The best solution is to report results using difference intervals rather than just observed improvement. The difference interval adds additional visibility into the lift you can expect, since it shows the range where your true improvement lies (with a statistical likelihood of 90%, or whatever you set your statistical significance threshold to).

Curious how the difference interval is calculated? Check out the example below.

As opposed to the 10.2% improvement shown, which is calculated relative to the baseline conversion rate, the numbers in the difference interval are absolute. This means that expected improvement will sit between (9.51% + 0.4% =) 9.91% and (9.51% + 1.59% =) 11.1%.

Report this range to your stakeholders or report just the lower bound. That way you'll be able to estimate the increase in value from this test in a more reliable way.

Account for seasonality

Seasonality is a big factor in the volatility of results.

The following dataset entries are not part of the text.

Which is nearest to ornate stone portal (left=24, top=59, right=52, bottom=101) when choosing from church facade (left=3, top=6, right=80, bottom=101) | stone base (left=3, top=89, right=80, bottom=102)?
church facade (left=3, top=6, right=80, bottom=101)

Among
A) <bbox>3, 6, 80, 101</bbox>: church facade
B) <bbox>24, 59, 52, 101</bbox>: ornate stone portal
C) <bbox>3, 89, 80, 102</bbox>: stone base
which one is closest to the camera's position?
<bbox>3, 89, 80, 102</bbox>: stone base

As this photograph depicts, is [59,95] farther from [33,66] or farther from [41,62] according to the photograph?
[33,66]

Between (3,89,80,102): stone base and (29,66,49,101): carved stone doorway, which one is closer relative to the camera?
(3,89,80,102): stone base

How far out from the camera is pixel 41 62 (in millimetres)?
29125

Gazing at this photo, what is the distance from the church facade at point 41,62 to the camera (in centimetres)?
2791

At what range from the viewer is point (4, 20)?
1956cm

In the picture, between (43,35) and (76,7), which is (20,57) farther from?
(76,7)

Most businesses have highly visible weekly and daily cycles in their business.

For example, check out the daily session count for our own Knowledge Base. The clear dips in the chart are Saturdays and Sundays, when people (rightfully) would rather do things other than work.

Short cycles are very common and easy to spot. The best way to mitigate against uncertainty from cycles is to run tests for whole weeks, or whatever time frame makes sense to your business.

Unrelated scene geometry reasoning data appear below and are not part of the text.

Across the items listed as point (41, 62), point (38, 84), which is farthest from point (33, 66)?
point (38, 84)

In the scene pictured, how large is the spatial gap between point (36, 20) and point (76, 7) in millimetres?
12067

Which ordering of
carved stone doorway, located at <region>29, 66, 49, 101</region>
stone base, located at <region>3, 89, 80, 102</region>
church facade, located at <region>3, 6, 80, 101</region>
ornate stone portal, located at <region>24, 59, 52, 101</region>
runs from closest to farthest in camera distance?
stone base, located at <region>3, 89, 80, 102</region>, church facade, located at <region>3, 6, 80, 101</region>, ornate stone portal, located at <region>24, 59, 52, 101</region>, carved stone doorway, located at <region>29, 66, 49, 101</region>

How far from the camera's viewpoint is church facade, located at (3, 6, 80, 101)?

Other types of seasonality may be more difficult to recognize. Holidays, political events, financial events, and seasons may interfere with how your test results perform. It's often better to run tests to account for seasonality.

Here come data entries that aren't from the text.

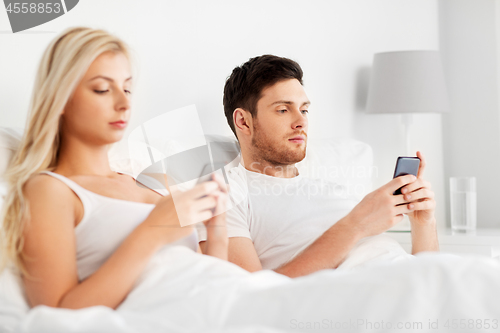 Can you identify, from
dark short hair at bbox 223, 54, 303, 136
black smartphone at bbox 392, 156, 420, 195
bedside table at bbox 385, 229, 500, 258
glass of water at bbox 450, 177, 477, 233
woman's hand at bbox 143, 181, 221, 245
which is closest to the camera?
woman's hand at bbox 143, 181, 221, 245

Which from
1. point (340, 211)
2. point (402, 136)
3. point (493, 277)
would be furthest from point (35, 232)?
point (402, 136)

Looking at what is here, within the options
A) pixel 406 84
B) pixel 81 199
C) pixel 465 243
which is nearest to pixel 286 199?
pixel 81 199

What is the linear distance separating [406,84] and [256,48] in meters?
0.81

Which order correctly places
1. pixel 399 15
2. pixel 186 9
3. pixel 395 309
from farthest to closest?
pixel 399 15 < pixel 186 9 < pixel 395 309

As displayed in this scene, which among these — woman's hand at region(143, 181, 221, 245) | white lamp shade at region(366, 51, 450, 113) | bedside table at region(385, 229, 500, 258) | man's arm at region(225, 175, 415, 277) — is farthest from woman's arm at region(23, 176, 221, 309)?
white lamp shade at region(366, 51, 450, 113)

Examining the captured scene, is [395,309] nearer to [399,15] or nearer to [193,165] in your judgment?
[193,165]

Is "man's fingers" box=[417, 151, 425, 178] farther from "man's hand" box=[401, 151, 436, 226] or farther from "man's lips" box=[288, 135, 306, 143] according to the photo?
"man's lips" box=[288, 135, 306, 143]

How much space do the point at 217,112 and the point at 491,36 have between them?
1829 mm

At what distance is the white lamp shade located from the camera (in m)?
2.20

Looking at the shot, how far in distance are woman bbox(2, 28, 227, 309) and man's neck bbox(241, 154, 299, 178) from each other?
605mm

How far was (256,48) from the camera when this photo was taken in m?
1.74

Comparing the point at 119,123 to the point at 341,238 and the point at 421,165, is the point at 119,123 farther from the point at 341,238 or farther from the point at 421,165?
the point at 421,165

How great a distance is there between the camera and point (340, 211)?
54.4 inches

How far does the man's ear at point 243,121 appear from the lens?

For example, assume that you run a website for a flower shop and you'd like to test a new product page layout. At Optimizely, we'd argue that Valentine's Day would not be the best time to test type of change, since the visitor behavior is unusual around that time. Unless you're testing a concept that is directly tied to Valentine's Day, like a special promotion or a festive homepage background, it's probably best to run your experiment before or after. Otherwise, results you will see in the experiment aren't likely to materialize in the same way when the change is implemented.

Changes in your audience

In A/B testing, you test a hypothesis on a sample of visitors and extrapolate the results to the rest of your user base. But if you make changes to your customer acquisition channels, you may see a difference in visitor behavior.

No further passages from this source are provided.